Nur jeder zehnte Übergriff wird der Polizei gemeldet, ergab eine Maneo-Studie. Dem schwulen Antigewaltprojekt wurden in der Hauptstadt letztes Jahr über 300 Fälle gemeldet. Die Zahlen mobilisieren die Szene. „Gewalt gegen Homosexuelle ist stärker ins öffentliche Bewusstsein gedrungen“, sagt Maria Tischbier, die bei der Berliner Polizei für homophob motivierte Fälle zuständig ist. Emanzipation sei die beste Prävention.
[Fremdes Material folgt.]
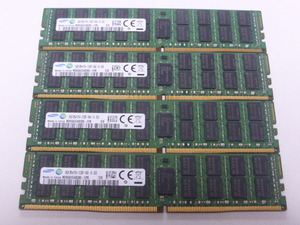 メモリ サーバーパソコン用 Samsung PC4-17000(DDR4-2133)ECC Registered 16GBx4枚 合計64GB M393A2G40DB0-CPB 起動確認済です②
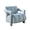 Blue, variant on Cream White Chenille Barrel Armchair with Lumbar Pillow for Living Room, 32.3W x 29D x 31.5H, Modern Upholstered Accent Chair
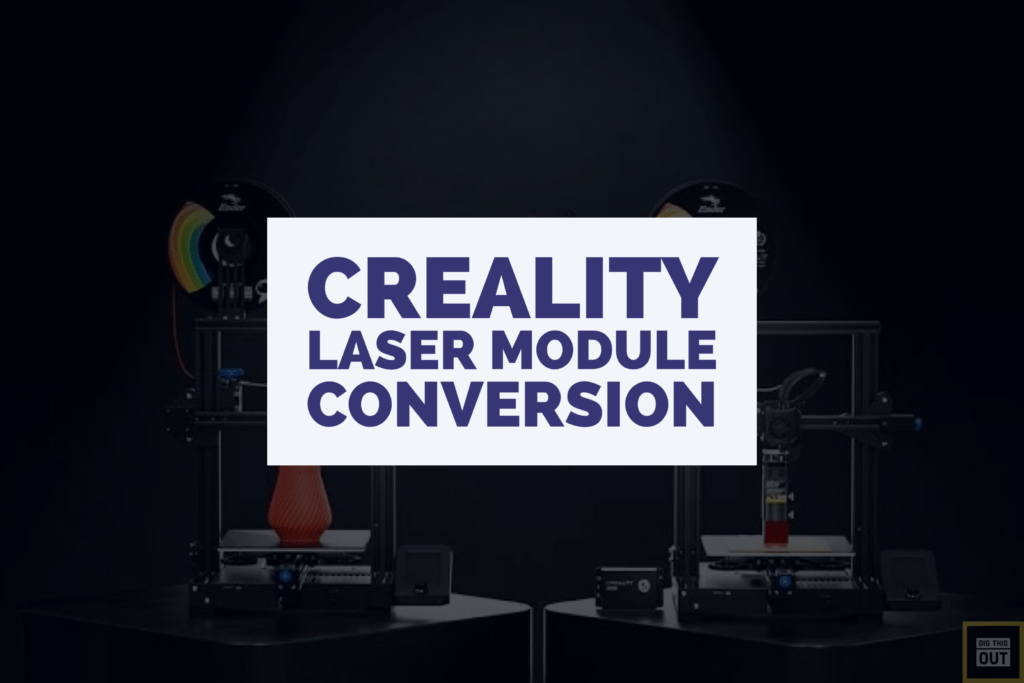 Creality Laser Module to convert 3d printer into laser engraver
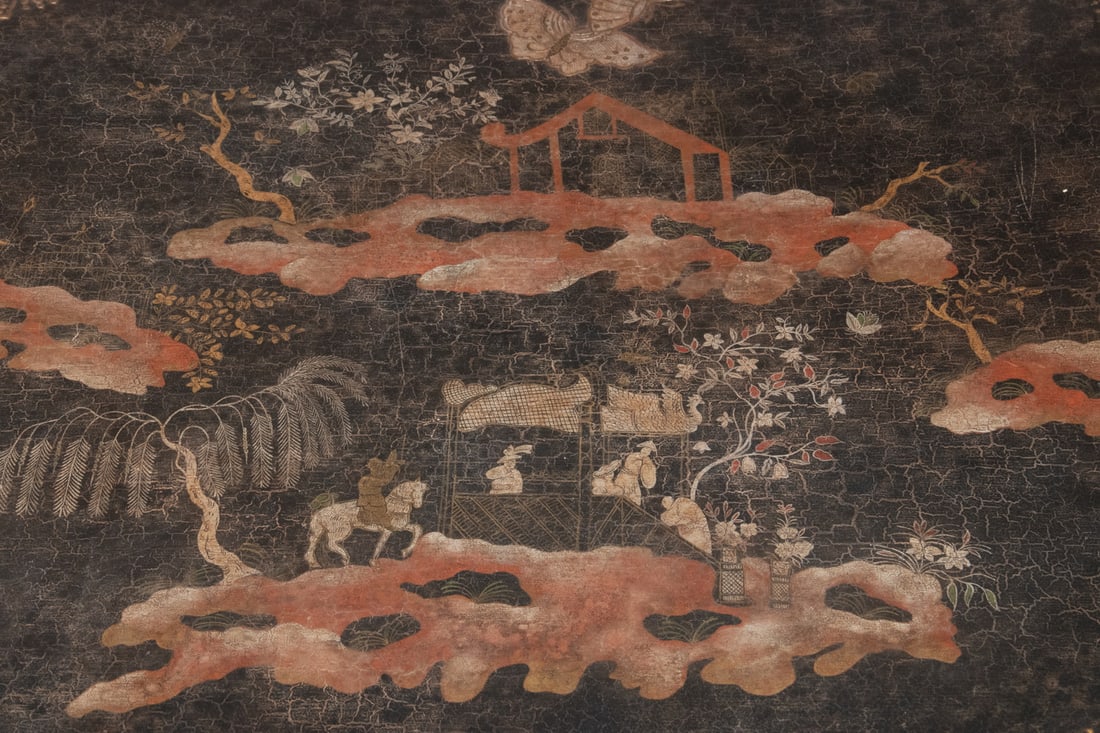 CUSTOM PAINTED OVAL COFFEE TABLE - 3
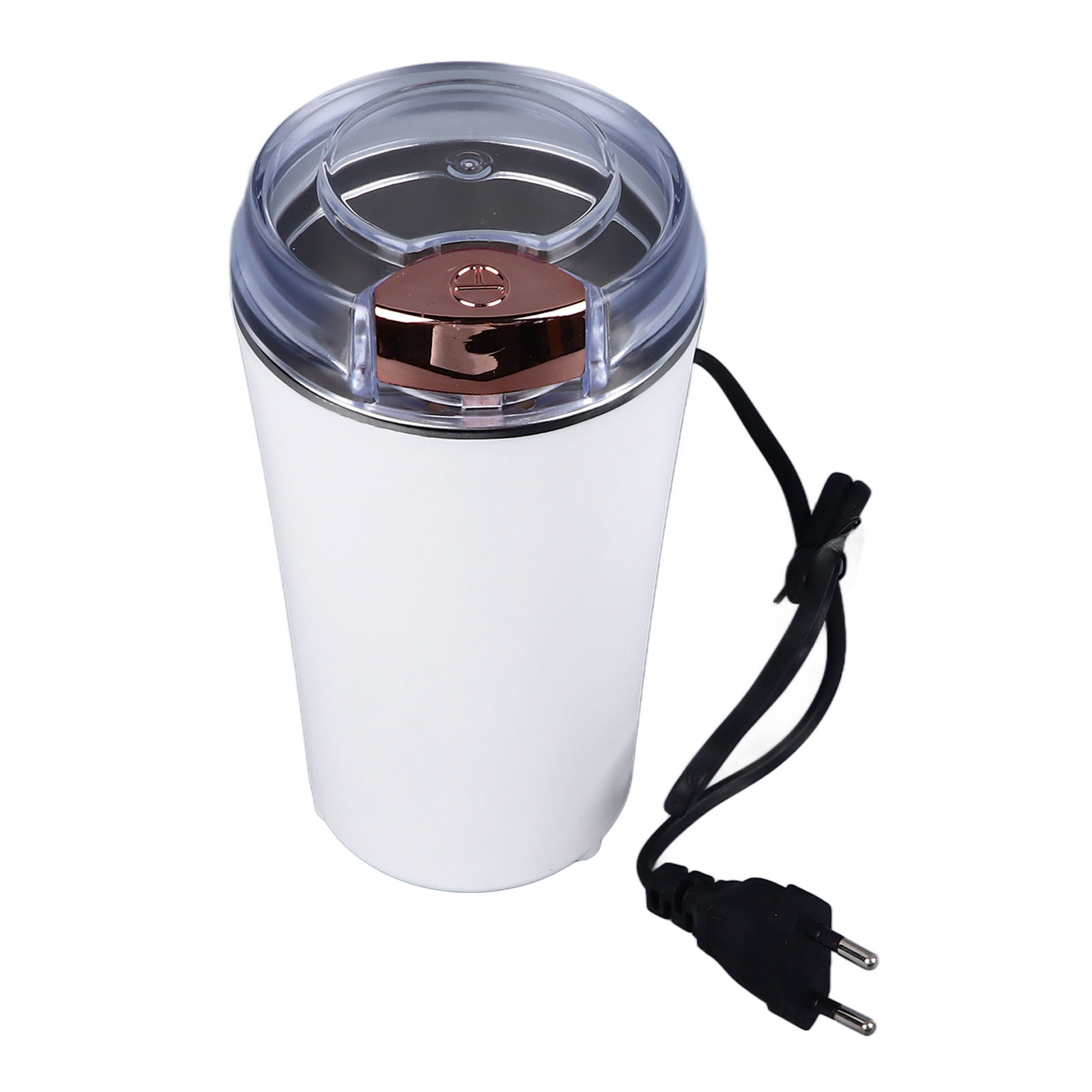 Elektrische Kaffeemühle (200 W, 220 V) Mit Eu-stecker, 6 Klingen, Weiß, Touch-bedienung, Für Kaffee, Gewürze, Kräuter, Pfeffer, Multifunktionsmühle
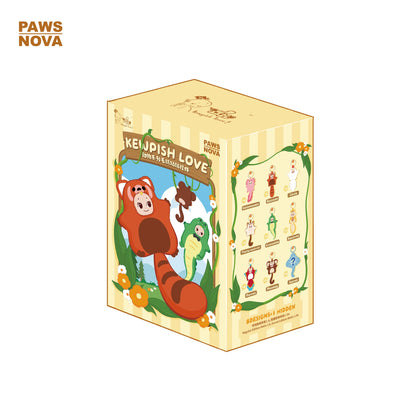Kewpish love Animal Series Plush Keychain Blind Box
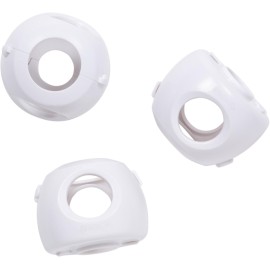 Safety 1st Parent Grip Door Knob Covers, White, One Size (Pack of 3)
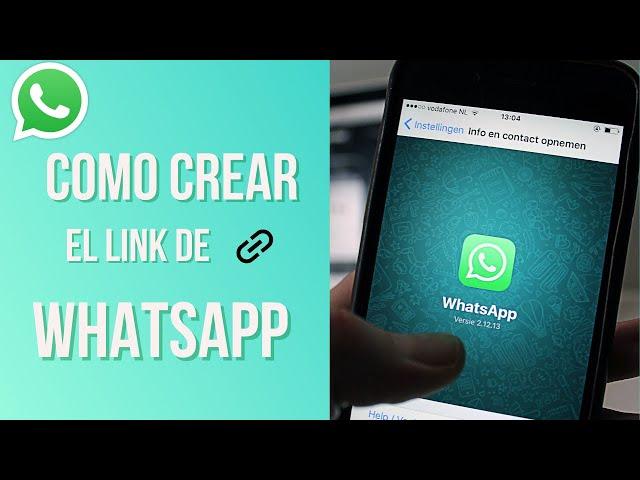 Cómo Crear y Copiar el LINK de WHATSAPP en tus Redes Sociales 2022  | LINK CORTO!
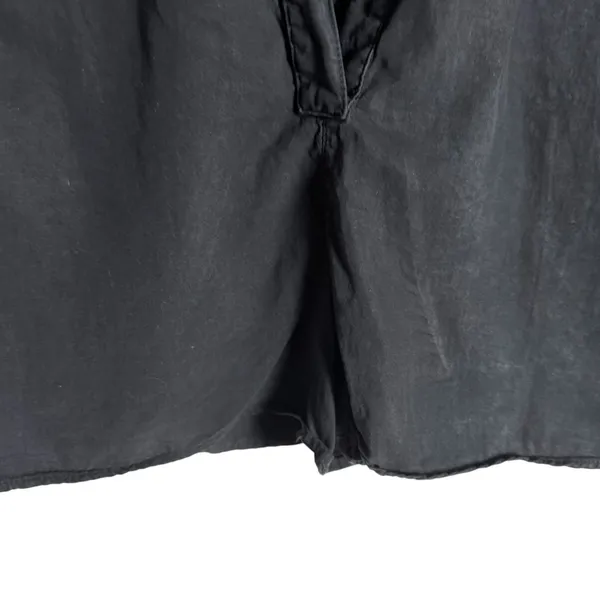 Zara Black Long Sleeve Button Front Short Romper Size Medium - Image 7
Beim Kiss-in hat die Szene gezeigt, dass sie nicht nur feiern kann.
Chance für die Bewegung
Roland Roth sieht eine Chance für die gesamte Protestbewegung. „Gruppen können erreicht werden, die Aufrufen von Parteien oder Vereinen sonst niemals folgen würden“, sagt er. Würden etwa die Grünen heute zur Demo aufrufen, wäre das für viele ein Grund, nicht zu kommen. Beim Kiss-in hatte sich die Berliner Grünen-Fraktion als Trittbrettfahrer an die Onlinemobilisierung gehängt.
Und Protest ist weiter nötig: Einen Tag nach dem Kiss-in wurde ein schwules Paar in Schöneberg von vier Jugendlichen beleidigt und verprügelt – in der Stadt, in der schätzungsweise jeder zehnte Einwohner schwul, lesbisch oder transsexuell ist.